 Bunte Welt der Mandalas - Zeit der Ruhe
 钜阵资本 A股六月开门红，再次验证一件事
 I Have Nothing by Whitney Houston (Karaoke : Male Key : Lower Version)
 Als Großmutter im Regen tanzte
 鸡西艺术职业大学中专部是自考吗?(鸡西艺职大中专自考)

==

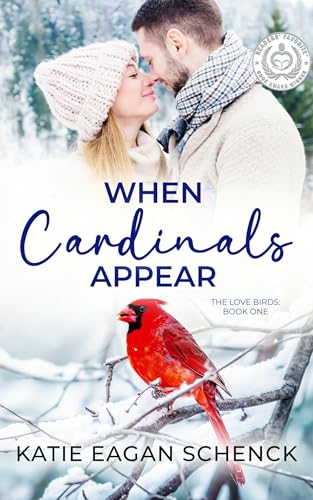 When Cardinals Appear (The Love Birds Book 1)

--

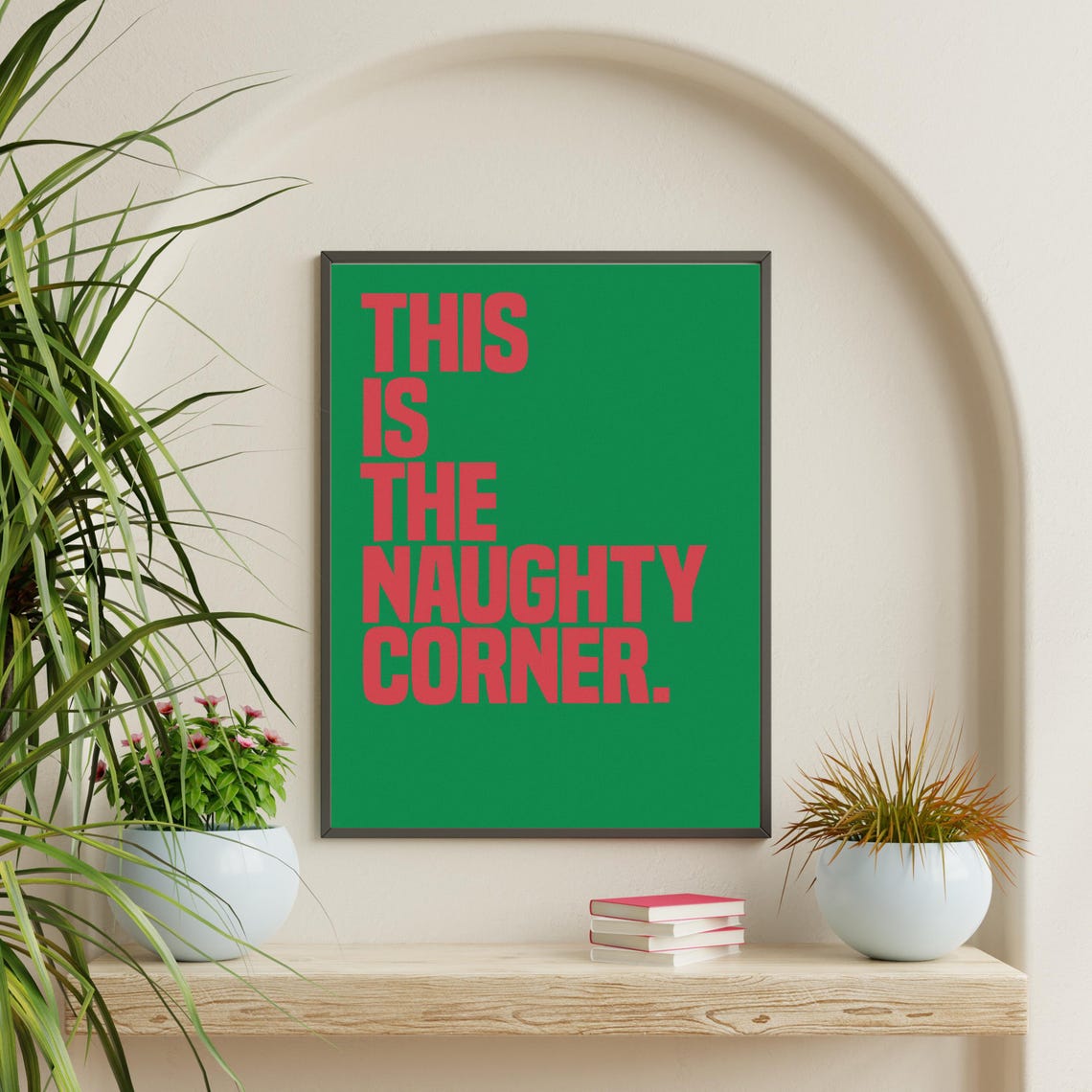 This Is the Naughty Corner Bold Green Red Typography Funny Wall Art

TASK
Everything from the line with "Als Großmutter im Regen tanzte" through the line with "鸡西艺术职业大学中专部是自考吗?(鸡西艺职大中专自考)" in the listing above must be retyped exactly, with nothing added.

EXERCISE RESPONSE
 Als Großmutter im Regen tanzte
 鸡西艺术职业大学中专部是自考吗?(鸡西艺职大中专自考)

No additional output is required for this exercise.